Competition is a seriously limiting and depressive energy. The more we compete, the more we compare, the more we are reminded "there is not enough", so the more we'll feel depressed. We think that life is NOT naturally abundant, giving and supportive, so we must cut, kill and consume the creative output of others. Religion greatly exacerbates this sense of a competitive, unfriendly world by teaching a hierarchical higher vs lower, good vs bad reality -- we're taught there is a God over us, not (as the Pythagoreans believed) God as us, that we're all in this together (some exceptions to this competitive God-smart, humans-stupid world-view are now emerging in religion in Process Theology).

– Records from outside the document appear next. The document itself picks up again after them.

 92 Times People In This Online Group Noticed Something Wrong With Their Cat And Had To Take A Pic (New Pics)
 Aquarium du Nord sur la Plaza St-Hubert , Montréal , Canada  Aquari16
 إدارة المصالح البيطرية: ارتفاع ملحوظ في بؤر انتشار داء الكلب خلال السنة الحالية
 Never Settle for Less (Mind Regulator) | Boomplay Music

Singer/songwriter Courtney Barnett
That I feel is one of the reasons for our increasing epidemic of depression ... we're told day in and day out that life is increasingly competitive, and that if we don't out-run, out-sell, out-compete our competitors we'll be left behind. When we lose, we don't feel life is inherently supportive. Only winners are grinners, as they say. That lack of any profound sense of support causes all sorts of anxieties and selfish behaviours.
Believing in an underlying competitive dynamic infuses a deep sense that if we're not rich and successful, we — especially men — are "losers". We feel guilty for being a failure, for not measuring up, for not be competent, productive, valuable.

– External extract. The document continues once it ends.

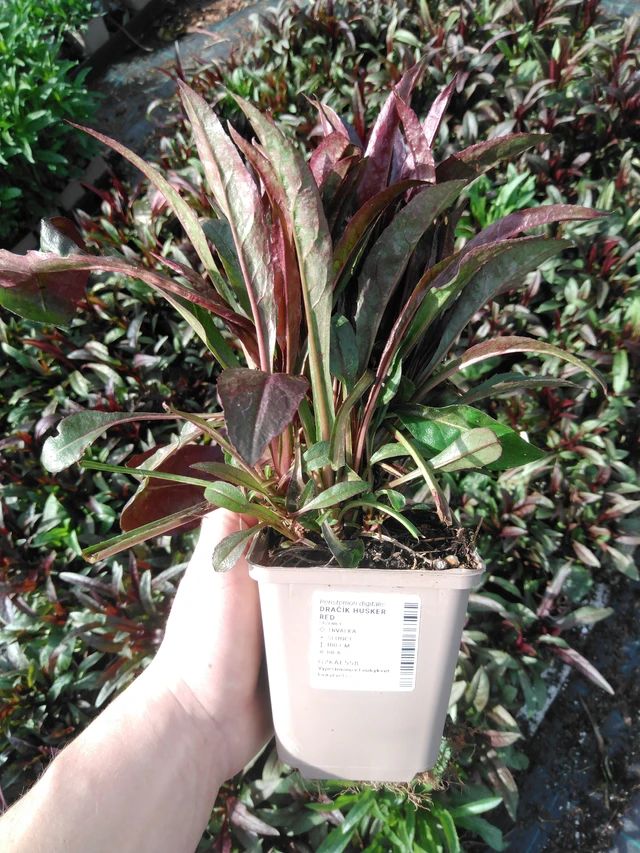 Penstemon Husker Red - 2024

Those at the bottom of the heap, so to speak, can only but look up to those in authority. Those who voice a strong sense of control and authority are seen as being able to resolve their difficult circumstances — hence why many poor, "working class" folk vote for conservative politicians: the very same politicians who actively seek to diminish social services and equitable tax regimes that would be of benefit to the poor. It's a vicious circle that seems to be increasing in severity (at least in Australia).
Marriage breakups see the worst of this competitiveness ... competing over possessions (because we "work so hard" to gain them); competing over children (because there is only "limited love" in our world).

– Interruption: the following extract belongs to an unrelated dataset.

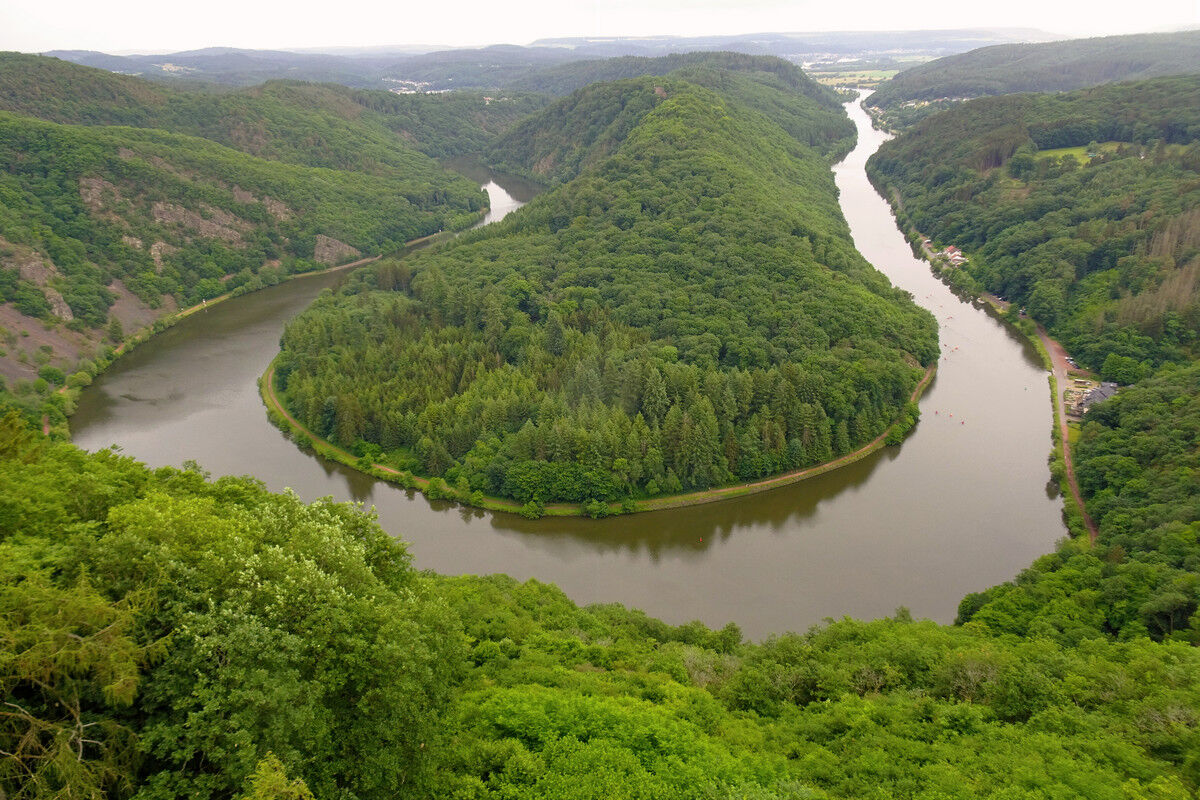 Blick auf die Saarschleife.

Then it struck me why lawyers are more likely to be depressed or alcoholics — in our adversarial legal world there's only winners and losers: those that win and take, and those that lose and become poorer, or less able to enjoy their children's love and company.
And that's why various 'get rich quick' schemes and activities are so popular: 'slot machines', TV game shows, casinos, ponzi-pyramid schemes, lotteries and litigation ... ("I can't create new ideas and products that will produce wealth and abundance for myself, so I'll win it or take it from others").
The list goes on.
And yet the benefits and results of creativity are all around us to observe. Every part of our culture and civilisation — all the products, buildings, bridges, recipes, services, jokes, clothes, cars, computers ... and pets — originated from someone's creative, original thought. It's all been the result of ideas that were different to what existed before, dating back to the stone age, and even before then.
Update, Sunday 25th September, 2016
In preparation for my new "Gender Dynamics" course (soon to be available via online learning platform), I've since expanded my understanding on the nature of competition. In certain contexts, it is "natural", insofar as it echoes the natural tendency for 'fermion-natured' entities (e.g. people, more typically males) to create, affirm and defend their own space, and that (like marbles in a bucket) must stack one upon the other, as is typical in hierarchical structures and organisations. They cannot share. Hence the origin and "naturalness" of competition and hierarchy. That said, it is a misnomer to consider competition as being natural, of and by itself.